Projects utilizing PoA may also have several disadvantages over projects utilizing the prevailing, project-based approaches:
- Higher transaction cost for the initial registration of the PoA and first CPA
- Longer time to initial registration for the initial PoA and first CPA
- Unsolved Designated Operational Entity (DOE) Liability issue on CPA level

===DOE liability===
In a PoA, the DOE is given the ability to decide whether or not to include a CPA within the PoA.
This responsibility transfer from the CDM Executive Board to the DOE has not been conceded without any guarantees taken by the executive board. To avoid wrong inclusion of CPAs within the PoA, the Board has prepared a set of rules that allows the DNA (Designated National Authority) or the executive board itself to challenge the decisions from the DOE. Other characteristics are:
- The process of erroneous inclusion can be launched if there is a suspicion that a CPA does not meet the eligibility criteria.
- A single EB member or the DNA can request the initiation of a process for erroneous inclusion.
- The process for review of erroneous inclusion of a CPA can be initiated throughout the entire lifetime of a CPA
- If the EB determines that a CPA has been erroneously included then all issued CERs from this erroneous CPA must be transferred by the DOE.
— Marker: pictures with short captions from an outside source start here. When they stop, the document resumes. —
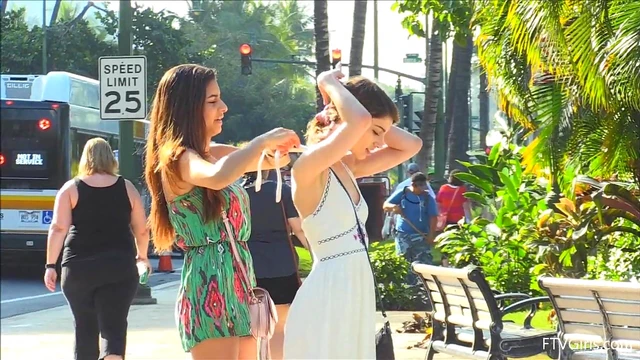 Public Passion: Lesbian Teen Couple Kisses and Teases Each Other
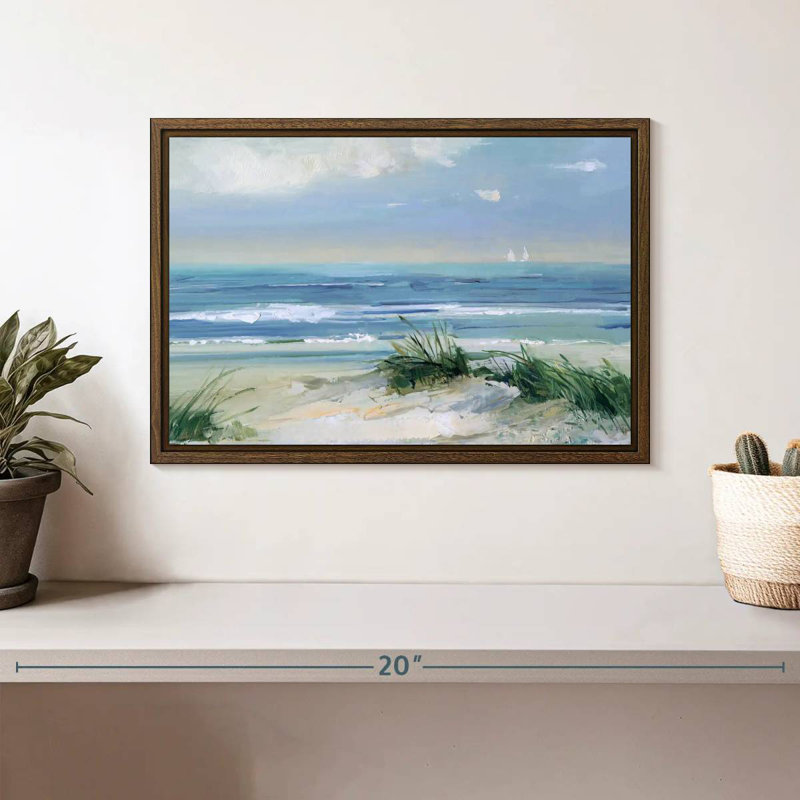 Coastal Breezes, 13" X 9", Floating Frame Walnut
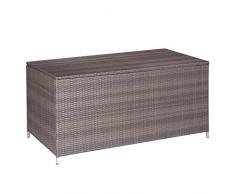 Mesa de Centro baúl de jardín en rattán marrón para terraza y Exterior Garden - LOLAhome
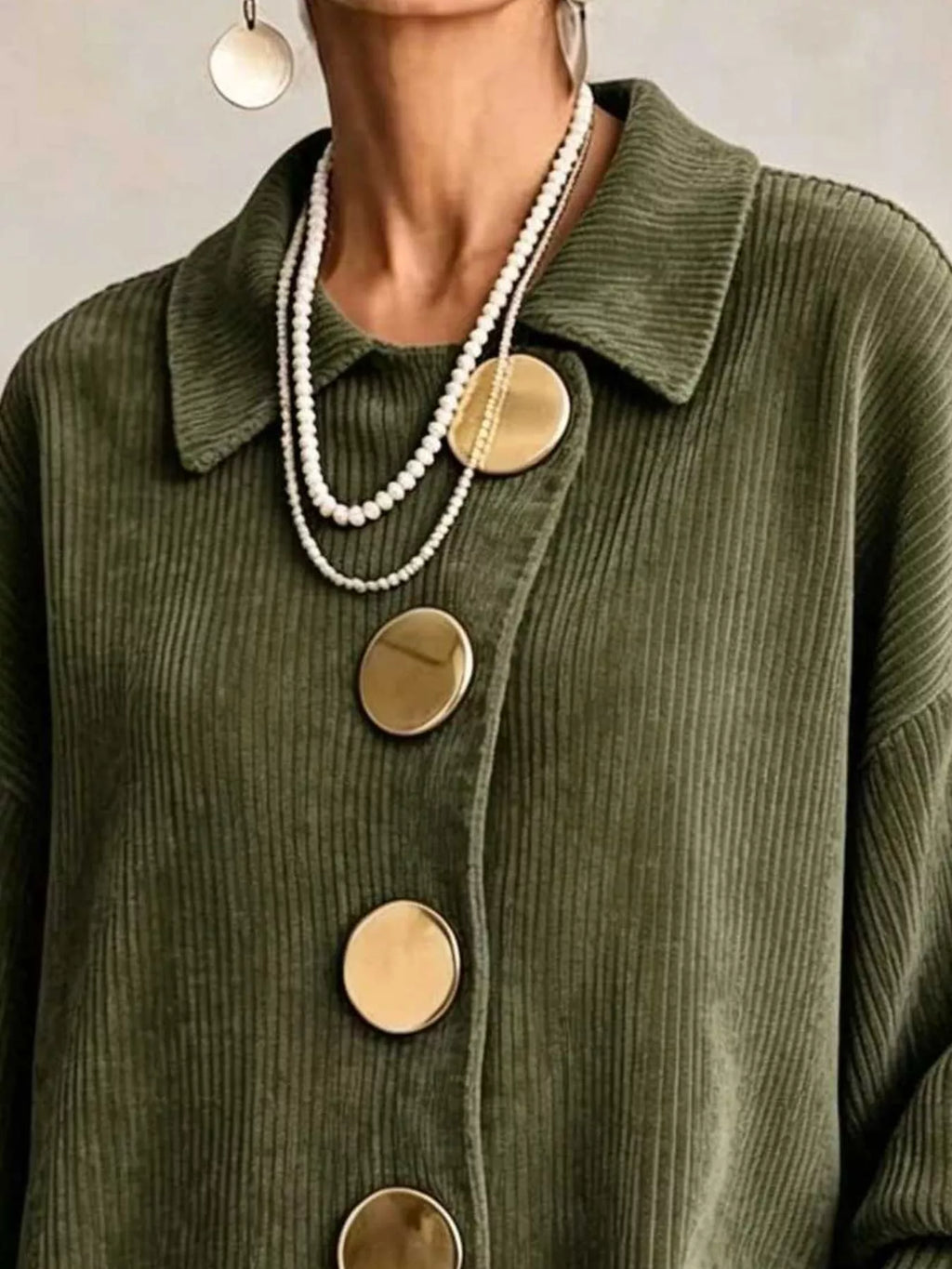 Full Size Ribbed Knit Gold Buttons Cardigan Plus Size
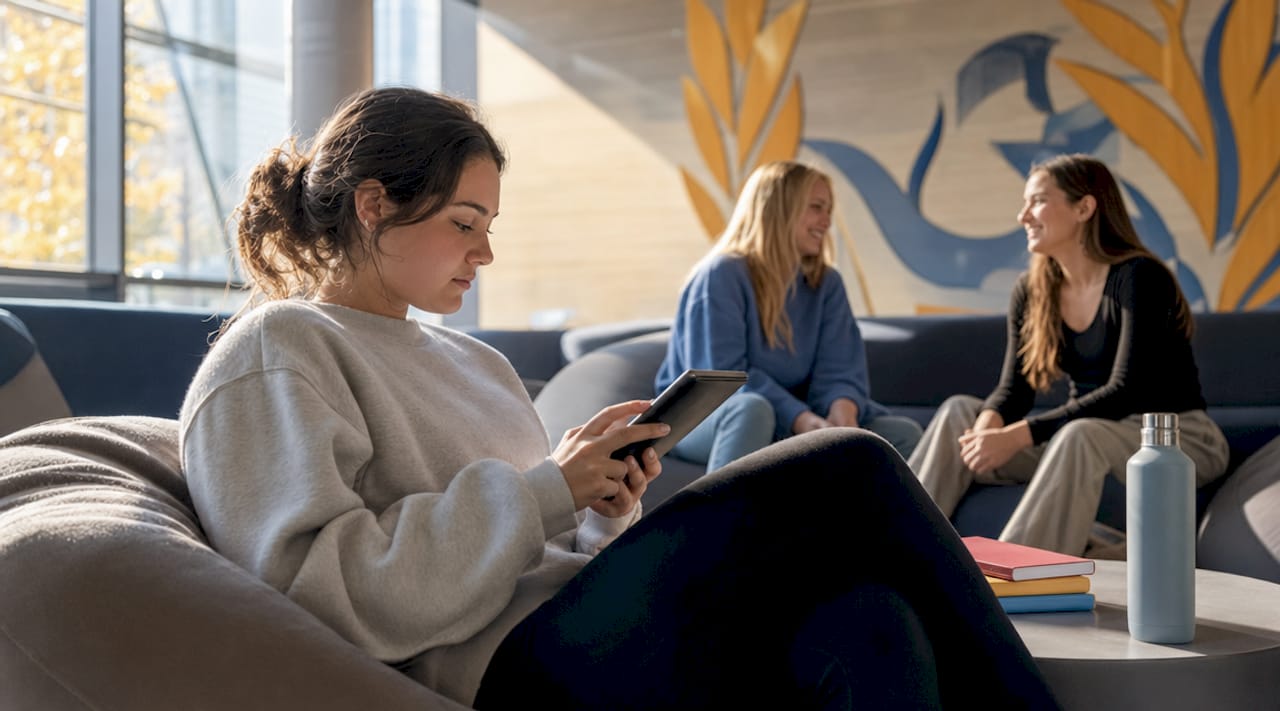 Student studying flashcards on tablet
- The process of erroneous inclusion can be extended to other CPAs
The DOE liability as currently framed is considered inoperable for the following reasons:
- A CPA can be put under review at any time, even many years after its inclusion into the PoA.
- It is also not clear what constitutes an erroneous inclusion. It can be anything, from wrong coordinates to severe DOE misconduct or fraudulent information.
- Under current rules a DOE could be liable for returning many years of issued CERs that would have to be obtained at a market price that could be vastly higher than current prices.
Many PoAs that are currently in validation have been launched in anticipation that the issue of DOE liability would be resolved, as also requested by CMP5. If the corresponding rules are not reformed then many of these PoAs will not be viable since DOEs will either be unable to include CPAs or the DOE fees charged will be too high. As a consequence, DOE liability has not contributed to make PoAs popular among DOEs. Many DOEs are unwilling to validate PoAs and reluctant to include new CPAs. To date, only one PoA has managed to perform CPA inclusion (PoA 2767).

==PoA pipeline==
Out of 59 PoAs, 9 are located in Africa (15%), 1 in the Middle-East (2%), 38 in Asia (64%) and 9 in Latin America (19%). If at first sight the centre of gravity of PoAs activity remains in Asia, the unevenness between Asia and the rest of the world is not as strong as it is for CDM.